Also at Doc Films (University of Chicago) this week: the new animated feature WINNIE THE POOH screens Saturday night and Sunday afternoon; the Kartemquin Films documentaries GOLUB and VIVA LA CAUSA show on Sunday at 7pm; and Zhao Hau's 2009 Chinese documentary TRANSITION PERIOD is Monday night at 7pm. 
Also at the Music Box this week is the rest of the Universal Horror series (see THE BLACK CAT above): IT CAME FROM OUTER SPACE, THE CREATURE FROM THE BLACK LAGOON, MURDERS IN THE RUE MORGUE, THE INVISIBLE MAN, THE INVISIBLE MAN RETURNS, CAPTIVE WILD WOMAN, THE WOLF MAN, DRACULA, THE MUMMY, FRANKENSTEIN, BRIDE OF FRANKENSTEIN, and ABBOTT AND COSTELLO MEET FRANKENSTEIN; also this week is Frank Tuttle's 1942 noir THIS GUN FOR HIRE and THE BLACK POWER MIXTAPE in the Saturday and Sunday matinee slots; Tom Six's THE HUMAN CENTIPEDE II (FULL SEQUENCE) on Saturday Midnight at 9:40pm daily; and Lucio Fulci's ZOMBIE on Friday and Saturday at Midnight. 

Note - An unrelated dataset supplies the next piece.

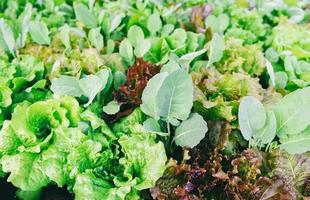 légumes frais fond feuille de laitue dans le jardin nourriture jardinage de légumes biologiques attendre récolté pour salade verte concept d'aliments sains - chêne vert chêne rouge et chou frisé chinois photo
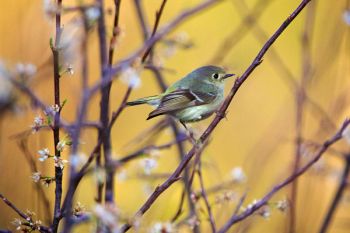 Ruby-crowned Kinglet, Newton Hills State Park.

Block Cinema (Northwestern University) hosts an advance screening of Sean Durkin's new film MARTHA MARCY MAY MARELENE on Wednesday at 7pm. On Thursday at 7pm, it's Heather Courtney's new documentary WHERE SOLDIERS COME FROM, which will be followed by a panel discussion with director Heather Courtney; Brent E. Huffman, documentary filmmaker and NU assistant professor of journalism; Michael J. Allen, historian of war and politics in the twentieth-century and NU associate professor of history; and the film's co-editor and NU assistant professor of film production, Kyle Henry.        
Facets Cinémathèque opens the 28th Annual Chicago International Children's Film Festival on Friday at its own space and with selected screenings at selected other venues around town. Runs through October 30. 

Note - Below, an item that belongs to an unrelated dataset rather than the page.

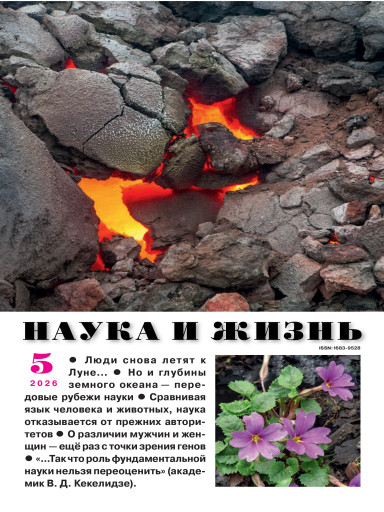 Наука и жизнь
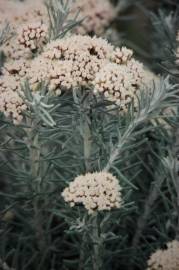 Fotografia da espécie Ozothamnus rosmarinifolius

From Monday through next Friday, the Portage Theater presents Halloween Havoc 4 featuring Alfred Hitchcock's PSYCHO and FRENZY (Monday), John Carpenter's THE THING and William Peter Blatty's EXCORSIST III (Tuesday), Sam Raimi's ARMY OF DARKNESS and Tom Holland's CHILD'S PLAY (Wednesday), Joe Dante's GREMLINS and Michael Winner's THE SENTINEL (Thursday), and a quadruple feature on Friday, November 28: Erle C. Kenton's 1944 HOUSE OF FRANKENSTEIN, Fred Dekker's THE MONSTER SQUAD, Robert Wise's 1963 THE HAUNTING, and Rob Zombie's THE HOUSE OF 1000 CORPSES
The Chicago Cultural Center screens FLYING SAUCERS ROCK!, the video version of Rocktober Magazine author and publisher Jake Austin's new book Flying Saucers Rock 'n' Roll, on Tuesday at 6:30pm. The event features a reading by Austin from his book and a live performance by Milt Trenier and his band. 
On Thursday at 8pm, Heaven Gallery hosts a screening of the documentary IT'S NEVER TOO LATE TO BE WHAT U MIGHT HAVE BEEN - THE MAKING OF NOEL GALLAGHER AND HIS HIGH FLYING BIRDS, presented by Filter magazine.  
The Logan Square International Film Series (Comfort Station Logan Square, 2579 N. Milwaukee) screens a double feature of HALLOWEEN TREE (an animated film for kids/family) and Shin'ya Tsukamoto's 1989 Japanese sci-fi film TETSUO THE IRON MAN (definitely not for the kids) on Tuesday starting at 8pm. From DVD. 
On Friday, the Portage Theater hosts TERROR IN THE AISLES 9. The evening begins at 7pm, with Trailer Trash, a collection of horror and sci-fi shorts and trailers, and continues with Edgar Wright's 2004 film SHAUN OF THE DEAD at 7:30pm. At 9pm it's AN AMERICAN WEREWOLF IN LONDON (see Also Recommended above), followed by Gregg Bishop's 2008 film DANCE OF THE DEAD at 11pm (with Bishop in person), and Lamberto Bava's 1985 film DEMONS at 1am. 
On Monday at 8pm, Transistor (3819 N. Lincoln Ave.) presents Francis Ford Coppola's 1874 thriller THE CONVERSATION (from DVD).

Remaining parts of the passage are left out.